In John Battelle’s book, The Search, he describes search as “the database of intentions.” In other words, Google and Yahoo have tons of user-created data (i.e., search queries) that indicate user intent. I would argue that search is but one ‘database of intention.’ Shopping sites like Amazon and Shopping.com have databases, portals like Yahoo have another, and search engines like Google have yet another.

As Yahoo, Google, MSN and Amazon struggle for paid search dominance (or, I guess according to Yahoo’s CFO, second place to Google), it amazes me that this hasn’t become core to any of Google’s competitors’ offerings.
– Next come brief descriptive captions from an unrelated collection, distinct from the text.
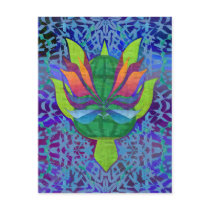 Flying Turtle Postcard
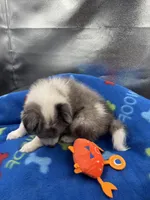 Full AKC Zina M 1, a male Shetland Sheepdog for sale in Cullowhee, NC – 9 of 10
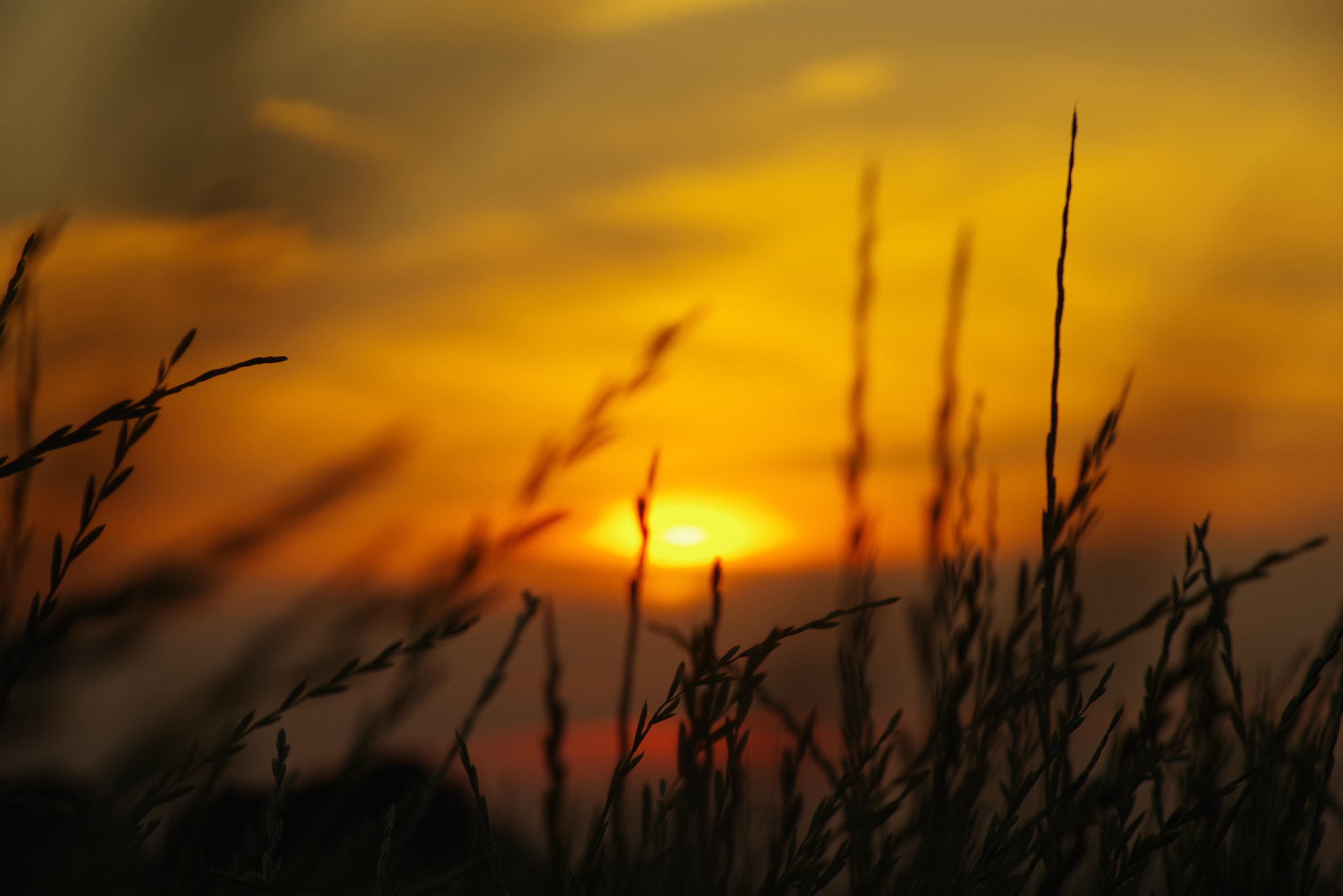 Tamron AF 70-300mm F4-5.6 Di LD Macro sample photo. And sunset photography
In Al Ries and Jack Trout’s great book, The 22 Immutable Laws of Marketing, they write that if you can’t be number one in a category, create a category that you can be number one in.

Google is the biggest search engine, that’s beyond dispute. And I doubt any of Google’s competitors will unleash a better search algorithm than Page Rank anytime soon. Amazon, MSN, and Yahoo, however, all have the ‘database of intentions’ to be the number one behavioral targeting marketing company. And because these are proprietary databases, no Google search algorithm can penetrate this data. In other words, it’s a defensible advantage, powerful, and unique.

Hmm. Maybe it’s time Google wannabes stop trying to build the best algorithm and start leveraging what they’ve already got!